Let $K$ be a category and $F=(f_i:A_i\to B_i)_{i\in I}$ a family of morphisms in $K$. Say that an object $X$ is injective to $F$ if for each $i\in I$ and each $a:A_i\to X$ there exists a morphism $b:B_i\to X$ whose restriction along $f_i$ is $a$. The collection of all such objects $X$ (for given $F$) is called an injectivity class in $K$.

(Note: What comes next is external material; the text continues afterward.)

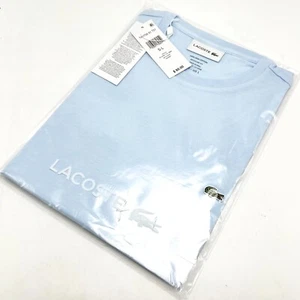 *NEW* Men's Lacoste Pima Cotton T-Shirt LIGHT BLUE (TH6709 T01), Sz SM - 2XL 👍 - Picture 1 of 4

Any injectivity class in $[C^{op},Set]$ defines a property of objects of $C$: those objects $c$ for which the representable functor $C(-,c)$ lies in the injectivity class. Your various examples arise in this way:

  • For injectivity, just take all maps of the form $C(-,i):C(-,a)\to C(-,b)$ with $i:a\to b$ mono.
  • For terminal object, take all the maps $0\to C(-,a)$ and $\nabla:C(-,a+a)\to C(-,a)$ (where $\nabla$ is the codiagonal)
  • and similarly being formally smooth or formally unramified.

Your properties "of uniqueness type'' can be seen as a special case of those "of existence type'', by using codiagonal maps, as in the case of terminal object.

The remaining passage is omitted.